おにぎりは、ぎゅーっと握りすぎると団子みたいで統一性はあってもおいしくないし、にぎりがゆるいとバラバラになってしまう。まとまりがあってしかも一粒一粒のお米が味わえるのが、うまいおにぎりである。
今朝、このたとえを思いついて食卓で話したら、妻が次男にむかって「おとうさんは、婚約時代に、おかあさんがお弁当に持っていったおにぎりを食べて、その話をしたのよ。」と言った。エーッ、今朝発明して悦に入っていたのに、23年も前に話したことだったとは。まあ考えれば日本人ならすぐに思いつきそうな例えではあるけれど。
妻によれば、その日おにぎりを持っていくべきかどうかだいぶ迷ったそうである。『この人お金なさそうだから、お弁当にしたほうがいい』と思ったものの、『でも失礼かしら』と。
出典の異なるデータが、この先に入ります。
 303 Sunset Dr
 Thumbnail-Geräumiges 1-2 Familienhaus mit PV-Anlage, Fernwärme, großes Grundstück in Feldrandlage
当時、私は練馬におり、彼女は浜松にいたので、中間の芦ノ湖のほとりで逢って、湖面をすべる白い遊覧船を眺めながら(遊覧船に乗るお金もなかったので)ベンチにすわっておにぎりを食べた。よく晴れた日だった。公園に石碑が立っていて、恩賜公園とか刻まれていたなあ。あの日のおにぎりは多様性と統一性の両立した存在論的にすぐれた作品だった。